**Task statement:** Please retype the line that contains "Klaus Keip wurde" and all lines that follow it to the end of the entries below, exactly as they stand, with nothing added.

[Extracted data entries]
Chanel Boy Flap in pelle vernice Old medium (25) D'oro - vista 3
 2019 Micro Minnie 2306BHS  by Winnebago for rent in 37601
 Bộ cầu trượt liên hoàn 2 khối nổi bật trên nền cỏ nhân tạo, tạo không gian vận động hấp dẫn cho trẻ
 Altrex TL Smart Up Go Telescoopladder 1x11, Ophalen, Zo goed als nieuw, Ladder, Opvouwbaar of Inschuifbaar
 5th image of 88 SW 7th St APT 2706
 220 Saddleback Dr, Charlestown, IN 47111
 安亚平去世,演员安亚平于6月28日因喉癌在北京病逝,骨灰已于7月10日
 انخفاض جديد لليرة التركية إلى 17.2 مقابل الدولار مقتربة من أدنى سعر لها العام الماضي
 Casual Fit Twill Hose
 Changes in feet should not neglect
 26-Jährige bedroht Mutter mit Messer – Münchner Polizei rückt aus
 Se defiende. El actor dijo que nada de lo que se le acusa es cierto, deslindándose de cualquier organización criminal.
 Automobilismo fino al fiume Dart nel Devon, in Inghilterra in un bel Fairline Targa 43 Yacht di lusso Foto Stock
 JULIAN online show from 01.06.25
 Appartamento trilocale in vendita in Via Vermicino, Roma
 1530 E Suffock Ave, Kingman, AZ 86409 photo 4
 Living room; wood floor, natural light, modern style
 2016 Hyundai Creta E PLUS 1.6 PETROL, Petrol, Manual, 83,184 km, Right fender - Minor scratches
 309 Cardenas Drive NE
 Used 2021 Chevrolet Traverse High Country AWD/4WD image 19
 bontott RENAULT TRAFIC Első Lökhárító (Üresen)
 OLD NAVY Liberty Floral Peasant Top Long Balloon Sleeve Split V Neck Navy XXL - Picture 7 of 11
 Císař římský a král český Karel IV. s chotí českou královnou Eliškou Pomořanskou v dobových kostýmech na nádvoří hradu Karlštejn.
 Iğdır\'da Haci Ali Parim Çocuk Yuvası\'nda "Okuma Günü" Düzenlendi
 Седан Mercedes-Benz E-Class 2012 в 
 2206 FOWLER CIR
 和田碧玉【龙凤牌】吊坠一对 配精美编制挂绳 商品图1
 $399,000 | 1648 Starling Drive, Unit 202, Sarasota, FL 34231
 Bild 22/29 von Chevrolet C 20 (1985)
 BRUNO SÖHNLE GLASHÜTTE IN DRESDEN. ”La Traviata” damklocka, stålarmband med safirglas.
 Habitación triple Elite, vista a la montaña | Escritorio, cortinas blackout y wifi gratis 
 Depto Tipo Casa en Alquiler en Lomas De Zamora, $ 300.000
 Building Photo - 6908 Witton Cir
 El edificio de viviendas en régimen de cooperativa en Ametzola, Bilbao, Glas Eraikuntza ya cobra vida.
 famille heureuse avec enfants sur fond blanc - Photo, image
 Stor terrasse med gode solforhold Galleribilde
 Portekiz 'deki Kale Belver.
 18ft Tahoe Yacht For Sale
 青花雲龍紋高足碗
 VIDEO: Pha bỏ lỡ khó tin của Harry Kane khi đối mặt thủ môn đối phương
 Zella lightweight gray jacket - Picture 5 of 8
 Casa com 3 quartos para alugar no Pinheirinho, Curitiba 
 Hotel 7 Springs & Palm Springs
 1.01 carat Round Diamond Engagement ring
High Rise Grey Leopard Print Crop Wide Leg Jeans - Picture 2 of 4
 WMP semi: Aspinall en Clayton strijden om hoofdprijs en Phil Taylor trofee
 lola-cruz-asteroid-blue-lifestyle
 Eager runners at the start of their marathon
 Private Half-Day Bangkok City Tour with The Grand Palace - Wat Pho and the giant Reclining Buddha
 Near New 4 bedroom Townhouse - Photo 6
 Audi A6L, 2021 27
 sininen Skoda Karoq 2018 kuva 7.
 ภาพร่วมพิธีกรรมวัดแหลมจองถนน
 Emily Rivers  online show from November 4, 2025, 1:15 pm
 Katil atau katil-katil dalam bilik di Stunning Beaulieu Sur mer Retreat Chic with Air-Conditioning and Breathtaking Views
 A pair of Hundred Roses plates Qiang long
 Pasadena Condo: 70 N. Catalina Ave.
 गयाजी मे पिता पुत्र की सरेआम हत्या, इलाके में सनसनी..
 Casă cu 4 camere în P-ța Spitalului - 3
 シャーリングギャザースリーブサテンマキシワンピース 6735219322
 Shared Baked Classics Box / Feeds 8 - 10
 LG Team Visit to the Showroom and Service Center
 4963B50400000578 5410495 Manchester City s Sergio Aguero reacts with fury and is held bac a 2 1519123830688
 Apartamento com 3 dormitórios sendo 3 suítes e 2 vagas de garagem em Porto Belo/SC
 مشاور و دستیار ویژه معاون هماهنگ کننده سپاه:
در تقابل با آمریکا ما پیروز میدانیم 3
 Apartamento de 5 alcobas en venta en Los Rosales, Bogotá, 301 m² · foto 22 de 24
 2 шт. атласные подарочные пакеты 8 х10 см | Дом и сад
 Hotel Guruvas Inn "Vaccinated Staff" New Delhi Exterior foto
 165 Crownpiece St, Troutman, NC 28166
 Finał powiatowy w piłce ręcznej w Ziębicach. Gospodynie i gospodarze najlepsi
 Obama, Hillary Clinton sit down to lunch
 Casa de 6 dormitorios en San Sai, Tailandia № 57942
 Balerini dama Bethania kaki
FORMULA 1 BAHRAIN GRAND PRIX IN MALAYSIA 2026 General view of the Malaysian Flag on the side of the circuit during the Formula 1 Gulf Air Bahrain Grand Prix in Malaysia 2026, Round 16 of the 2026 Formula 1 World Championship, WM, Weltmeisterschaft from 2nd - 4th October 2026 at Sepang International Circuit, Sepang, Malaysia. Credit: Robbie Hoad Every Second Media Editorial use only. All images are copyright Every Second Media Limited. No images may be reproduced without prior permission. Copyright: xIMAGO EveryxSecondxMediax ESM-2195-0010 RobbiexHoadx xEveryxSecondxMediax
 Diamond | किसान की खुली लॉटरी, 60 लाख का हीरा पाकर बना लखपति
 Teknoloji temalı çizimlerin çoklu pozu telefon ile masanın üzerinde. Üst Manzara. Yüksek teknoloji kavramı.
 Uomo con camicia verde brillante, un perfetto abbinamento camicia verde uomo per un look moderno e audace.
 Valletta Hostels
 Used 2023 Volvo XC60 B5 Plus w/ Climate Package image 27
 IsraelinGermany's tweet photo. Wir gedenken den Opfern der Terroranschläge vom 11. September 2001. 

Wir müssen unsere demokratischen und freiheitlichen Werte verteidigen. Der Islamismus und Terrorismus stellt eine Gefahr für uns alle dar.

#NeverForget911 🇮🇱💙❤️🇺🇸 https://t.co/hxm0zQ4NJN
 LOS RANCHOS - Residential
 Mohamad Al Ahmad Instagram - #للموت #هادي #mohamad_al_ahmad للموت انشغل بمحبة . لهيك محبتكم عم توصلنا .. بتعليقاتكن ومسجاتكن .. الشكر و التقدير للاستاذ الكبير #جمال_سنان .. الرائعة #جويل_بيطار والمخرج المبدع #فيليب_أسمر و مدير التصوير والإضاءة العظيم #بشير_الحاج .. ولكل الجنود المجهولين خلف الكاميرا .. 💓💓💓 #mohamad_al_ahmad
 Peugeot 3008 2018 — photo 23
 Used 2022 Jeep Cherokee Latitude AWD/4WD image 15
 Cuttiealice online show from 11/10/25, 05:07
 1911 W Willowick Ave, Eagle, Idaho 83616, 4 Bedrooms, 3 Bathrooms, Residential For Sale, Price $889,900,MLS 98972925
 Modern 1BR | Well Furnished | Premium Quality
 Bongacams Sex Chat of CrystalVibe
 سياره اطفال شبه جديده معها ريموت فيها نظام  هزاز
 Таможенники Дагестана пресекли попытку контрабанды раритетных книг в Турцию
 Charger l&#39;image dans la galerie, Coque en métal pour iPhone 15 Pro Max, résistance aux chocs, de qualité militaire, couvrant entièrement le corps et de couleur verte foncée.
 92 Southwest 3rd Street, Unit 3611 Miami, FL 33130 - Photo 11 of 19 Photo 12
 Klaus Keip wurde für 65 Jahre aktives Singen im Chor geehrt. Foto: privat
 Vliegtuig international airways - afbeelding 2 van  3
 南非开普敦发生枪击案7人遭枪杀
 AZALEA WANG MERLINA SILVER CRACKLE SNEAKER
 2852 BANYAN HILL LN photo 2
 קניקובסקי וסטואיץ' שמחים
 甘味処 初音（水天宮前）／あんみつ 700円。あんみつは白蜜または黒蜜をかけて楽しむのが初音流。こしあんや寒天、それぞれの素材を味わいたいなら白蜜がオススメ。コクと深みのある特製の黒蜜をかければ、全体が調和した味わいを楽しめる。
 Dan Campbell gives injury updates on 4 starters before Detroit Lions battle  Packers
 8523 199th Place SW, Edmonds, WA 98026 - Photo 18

**Solved exercise:**
 Klaus Keip wurde für 65 Jahre aktives Singen im Chor geehrt. Foto: privat
 Vliegtuig international airways - afbeelding 2 van  3
 南非开普敦发生枪击案7人遭枪杀
 AZALEA WANG MERLINA SILVER CRACKLE SNEAKER
 2852 BANYAN HILL LN photo 2
 קניקובסקי וסטואיץ' שמחים
 甘味処 初音（水天宮前）／あんみつ 700円。あんみつは白蜜または黒蜜をかけて楽しむのが初音流。こしあんや寒天、それぞれの素材を味わいたいなら白蜜がオススメ。コクと深みのある特製の黒蜜をかければ、全体が調和した味わいを楽しめる。
 Dan Campbell gives injury updates on 4 starters before Detroit Lions battle  Packers
 8523 199th Place SW, Edmonds, WA 98026 - Photo 18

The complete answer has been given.